「ローストビーフとマッシュポテトにサラダとか。全然自分の知らない世界で、いろんな人と話して楽しくて。ありがとうと言われるのも嬉しかった」

 95年に日本のマッキンゼーに就職して帰国する。ボランティアをしてみようかと、電話帳を繰ってある団体をたずねてみた。NPOという言葉もない頃だ。「どのくらい来られるかと聞かれて、1カ月か2カ月に1度、と答えたら週に3日くらいでないと、毎回教えないといけないから、と言われて」

 米国ではスタッフがボランティアにいろいろと指示してくれた。日本はスタッフが足りないからそれができない。

「普通の社会人がボランティアを時々できるようになるといいなと。50歳になればそれができると思ったんです。結婚子育ても一段落し、社会のこともある程度わかっているだろうから」

 外資系のコンサルや投資会社で、事業の成長支援を中心にキャリアを積み重ね、50歳になった。

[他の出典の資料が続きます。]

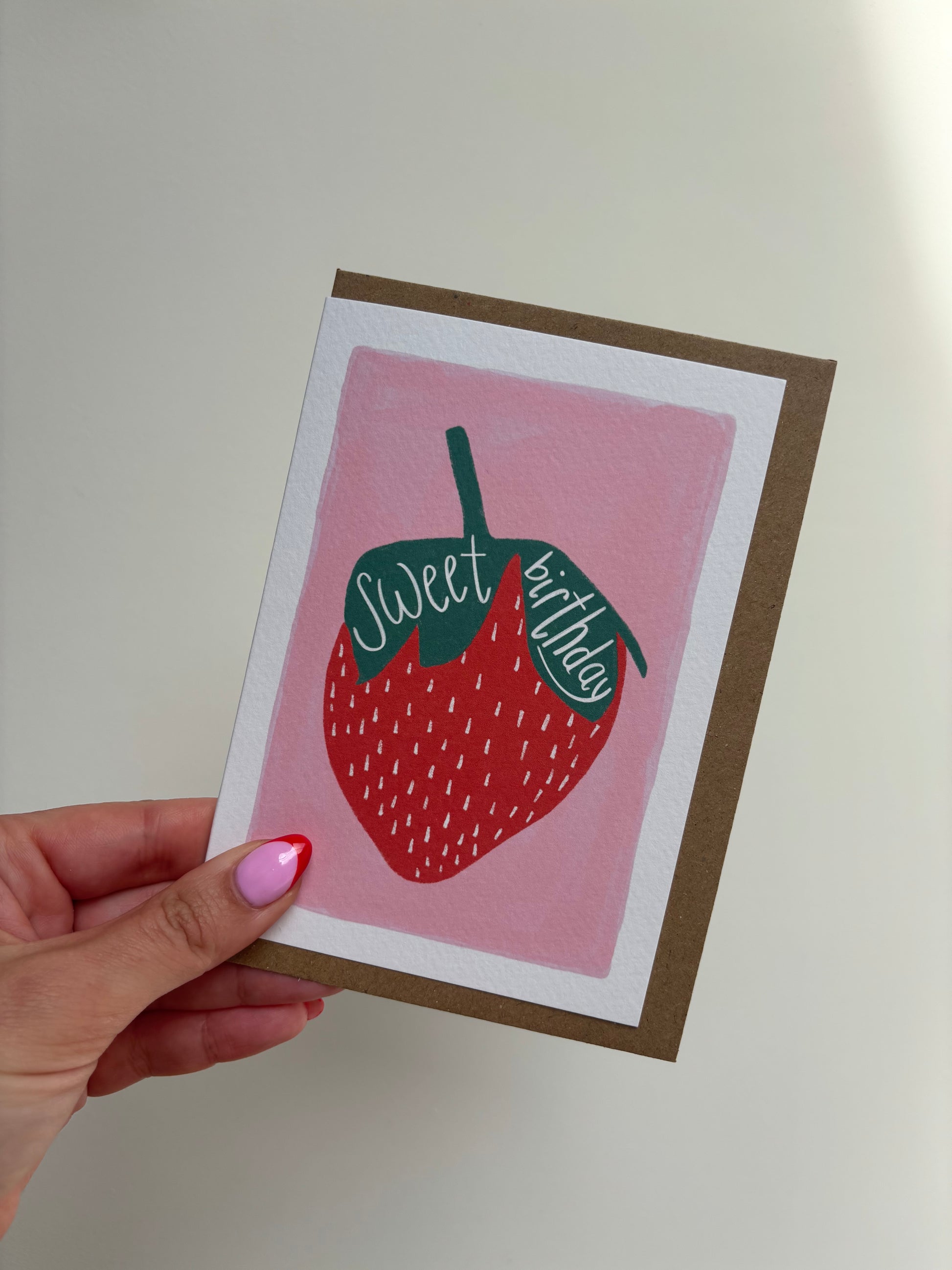 A6 premium textured recyclable greeting card with white border and pink background with strawberry drawing and the words “sweet birthday” handwritten inside leaves. Brown Kraft envelope included.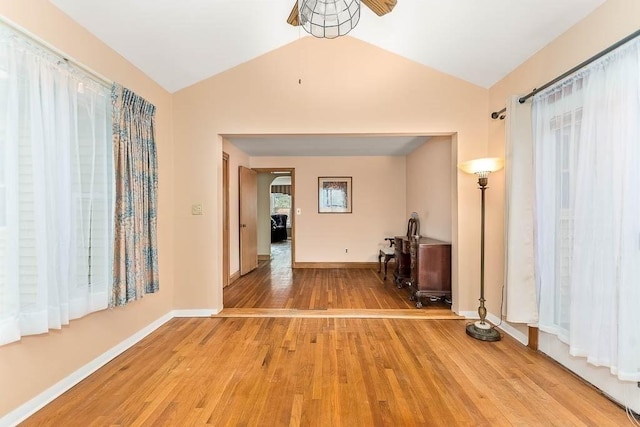 corridor with light hardwood / wood-style floors and vaulted ceiling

調べると日本のNPOを取り巻く状況も変わり、ビジネス界の人々がNPOを支援する団体も増えていた。そういった団体の一つソーシャル・インベストメント・パートナーズ(SIP)に関わり始めた。

 だが、企業を支援する仕事も続けたかった。

「人が足りないというので、『引退した人たちを雇ったら?』と言ったら、『世代ギャップがあるし、手を動かせない』と言われて。もし引退まで待って、『必要ない』と言われたら、人生最大の後悔」

 やるなら50代の今しかない。そこで半々でやってみようと18年末で会社をやめ、フリーのコンサルをしながらSIPの仕事を始めた。

 SIPも業務拡大期にあたり、結局7月に代表理事兼CEOに就任、全力を注ぐことになった。チャンス・フォー・チルドレンという、子どもたちの学習援助を行う団体の経営支援を始めたところだ。

 共通するのは「米国」だ。社会貢献先進国である米国で教育を受け、NPOを体験して、その後の人生に生かしている。そして、人生後半をどう満たし、体力も知力も充実した50代を何に捧げるかについて向き合った結果、社会貢献を選んでいる。